Reproduce the listing below exactly. Pictures do not belong in the copy.

BEGIN Information supplied

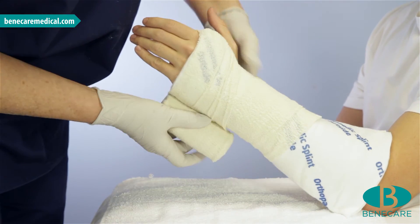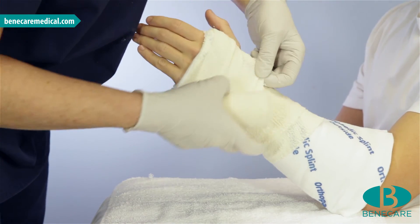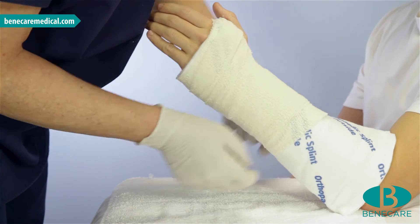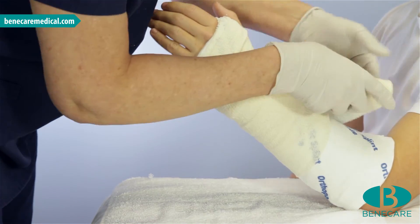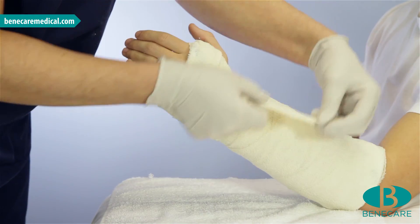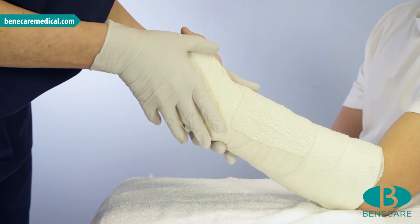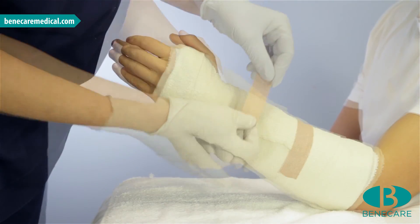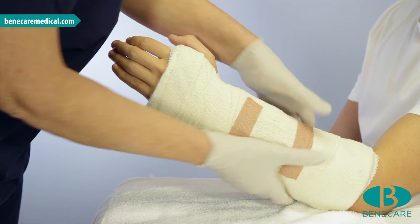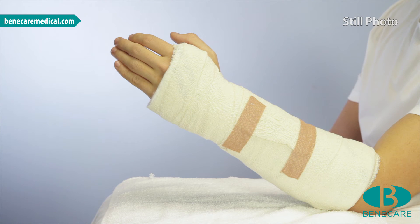Ensure the splint is smooth and ridge free during the application. Mould the cast to the contours of the limb and secure the end of the bandage with adhesive tape. Continue moulding until the splint has reached the initial set time and rest the limb on a pillow or soft table.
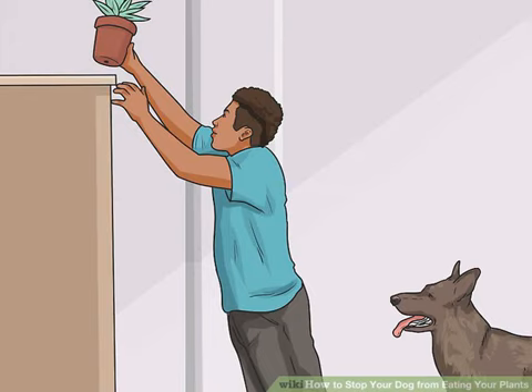Stopping dogs from eating houseplants. Move houseplants out of reach. One way of keeping dogs from eating houseplants is simply to move them to a location that is out of the dog's reach. This can be achieved with the use of tables or plant stands. Houseplants that grow in vines should be trimmed back to stay out of reach of the dog or placed totally out of reach. You may also be able to build cages around the plants using chicken wire or other products that will cut off access to plants.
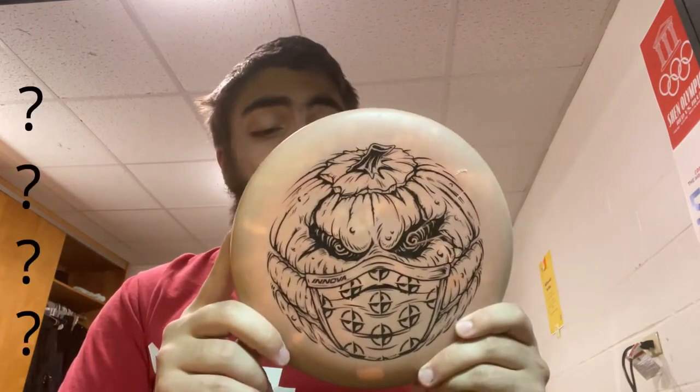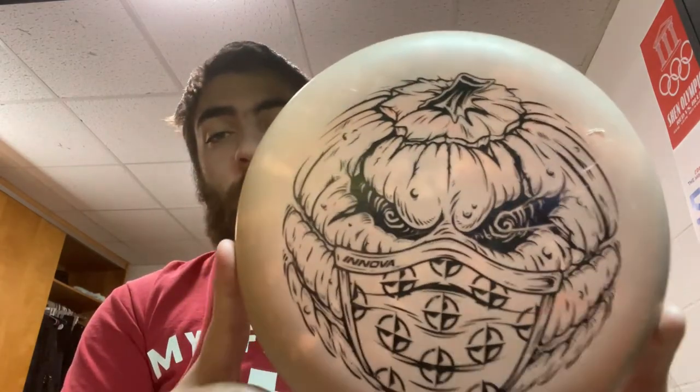My putter is the Aviar — I think that's how you say it — a 2, 3, 0, 1. It is incredibly light, which is the only thing I do not like about it. I was really glad I was able to obtain this other putter — I don't know all the stats on it because of the print on it, but it's an Innova disc and it's way heavier than the Aviar, so it flies much more how I'd expect. This is my main putter now; the Aviar I mostly use for practice or as a backup.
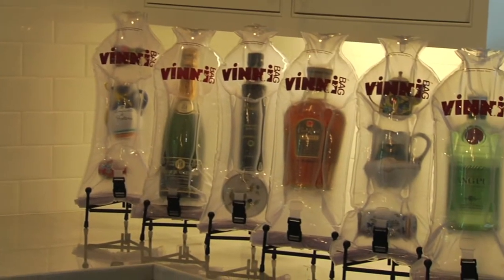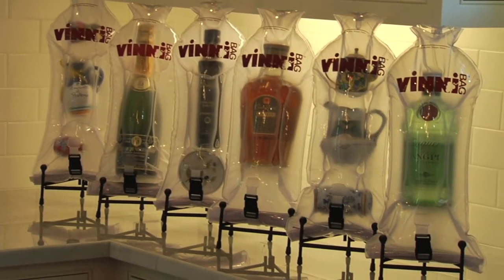Vinnie bag can transport anything from wine, spirits and olive oil to perfume, fine china and keepsakes. It's the perfect travel accessory — there when you need it, but not taking up any space when you don't. It also doubles as a great lumbar support, headrest and even a bath pillow while on the road. Thanks for watching our video today and happy travels!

END Information supplied

**Solution to this task**
Ensure the splint is smooth and ridge free during the application. Mould the cast to the contours of the limb and secure the end of the bandage with adhesive tape. Continue moulding until the splint has reached the initial set time and rest the limb on a pillow or soft table.
Stopping dogs from eating houseplants. Move houseplants out of reach. One way of keeping dogs from eating houseplants is simply to move them to a location that is out of the dog's reach. This can be achieved with the use of tables or plant stands. Houseplants that grow in vines should be trimmed back to stay out of reach of the dog or placed totally out of reach. You may also be able to build cages around the plants using chicken wire or other products that will cut off access to plants.
My putter is the Aviar — I think that's how you say it — a 2, 3, 0, 1. It is incredibly light, which is the only thing I do not like about it. I was really glad I was able to obtain this other putter — I don't know all the stats on it because of the print on it, but it's an Innova disc and it's way heavier than the Aviar, so it flies much more how I'd expect. This is my main putter now; the Aviar I mostly use for practice or as a backup.
Vinnie bag can transport anything from wine, spirits and olive oil to perfume, fine china and keepsakes. It's the perfect travel accessory — there when you need it, but not taking up any space when you don't. It also doubles as a great lumbar support, headrest and even a bath pillow while on the road. Thanks for watching our video today and happy travels!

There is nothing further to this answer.